++++ RAW DATA ++++

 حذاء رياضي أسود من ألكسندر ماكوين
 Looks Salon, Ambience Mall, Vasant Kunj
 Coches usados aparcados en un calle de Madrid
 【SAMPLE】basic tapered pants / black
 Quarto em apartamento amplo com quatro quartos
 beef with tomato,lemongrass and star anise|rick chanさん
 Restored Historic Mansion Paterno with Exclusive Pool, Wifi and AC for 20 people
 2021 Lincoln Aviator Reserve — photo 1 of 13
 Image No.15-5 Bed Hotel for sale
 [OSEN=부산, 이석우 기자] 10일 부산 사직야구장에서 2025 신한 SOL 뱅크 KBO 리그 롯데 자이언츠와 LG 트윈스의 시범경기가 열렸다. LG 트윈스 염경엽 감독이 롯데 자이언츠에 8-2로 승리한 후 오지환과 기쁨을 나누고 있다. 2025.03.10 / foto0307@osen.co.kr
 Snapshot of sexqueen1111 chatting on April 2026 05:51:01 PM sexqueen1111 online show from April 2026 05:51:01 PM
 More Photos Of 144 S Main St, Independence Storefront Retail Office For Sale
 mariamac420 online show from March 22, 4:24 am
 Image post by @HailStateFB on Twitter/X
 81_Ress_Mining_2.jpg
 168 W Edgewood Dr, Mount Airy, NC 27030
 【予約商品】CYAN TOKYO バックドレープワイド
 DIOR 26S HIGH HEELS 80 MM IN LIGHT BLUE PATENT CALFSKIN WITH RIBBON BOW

++++

▶ _AIM OF THE TASK_
Copy exactly, and only, the lines from the line that contains "81_Ress_Mining_2.jpg" through the end of the data above.

▶ _SOLUTION FOR THIS TASK_
 81_Ress_Mining_2.jpg
 168 W Edgewood Dr, Mount Airy, NC 27030
 【予約商品】CYAN TOKYO バックドレープワイド
 DIOR 26S HIGH HEELS 80 MM IN LIGHT BLUE PATENT CALFSKIN WITH RIBBON BOW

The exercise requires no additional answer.